TASK PROMPT: The required output is the run of lines from the one holding "Mouth. M-O-U-T-H. Mouth. Eye. E-Y-E. Eye." through the final line of the listing, restated word for word, with no pictures.

STORED DATA:
- - -

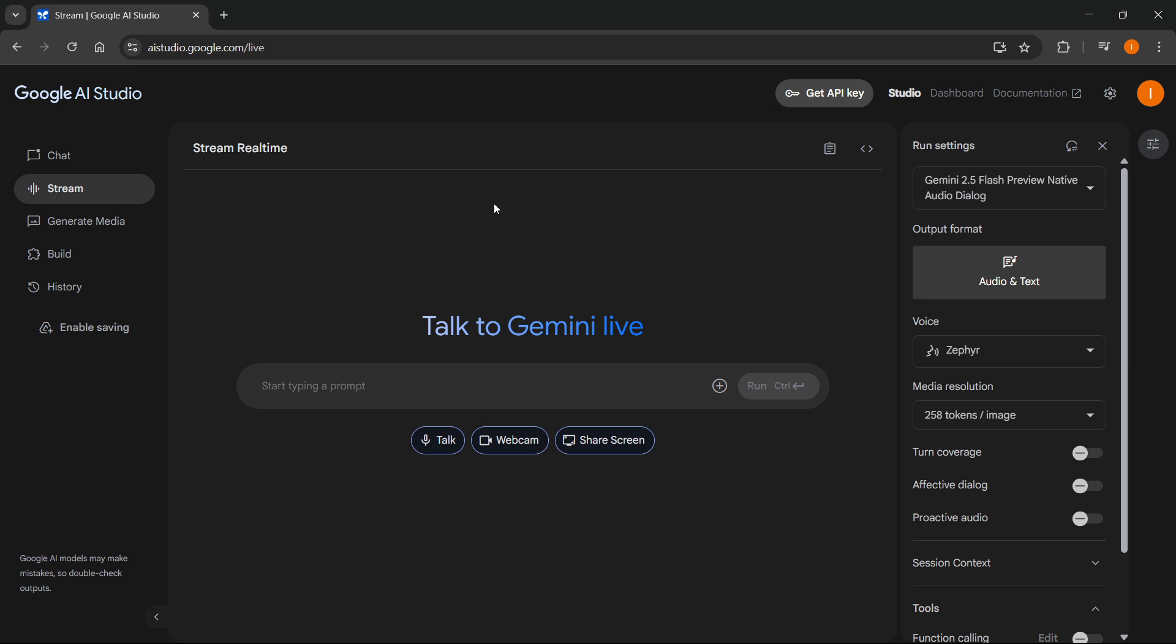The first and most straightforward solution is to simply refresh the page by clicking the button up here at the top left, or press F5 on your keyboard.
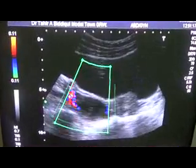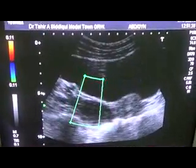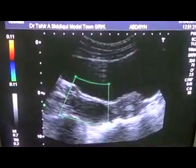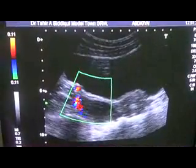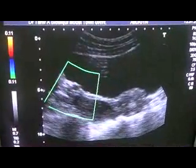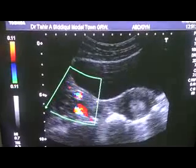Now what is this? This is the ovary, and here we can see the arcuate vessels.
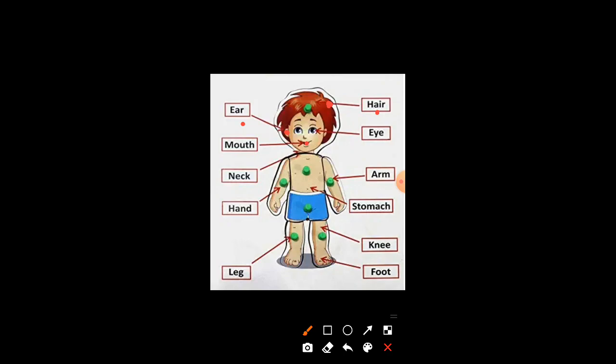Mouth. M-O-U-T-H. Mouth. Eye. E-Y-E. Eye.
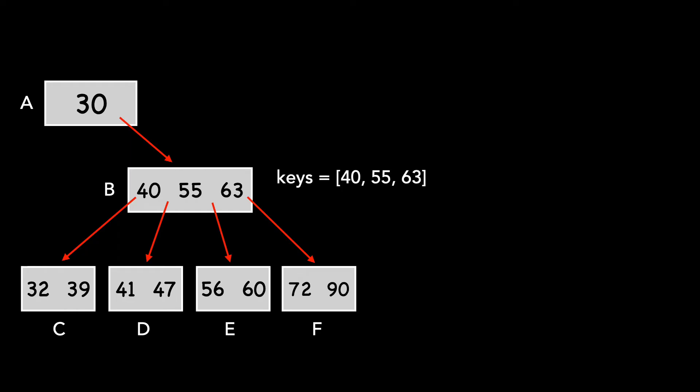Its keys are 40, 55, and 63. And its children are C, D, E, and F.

- - -

WRITTEN RESPONSE:
Mouth. M-O-U-T-H. Mouth. Eye. E-Y-E. Eye.
Its keys are 40, 55, and 63. And its children are C, D, E, and F.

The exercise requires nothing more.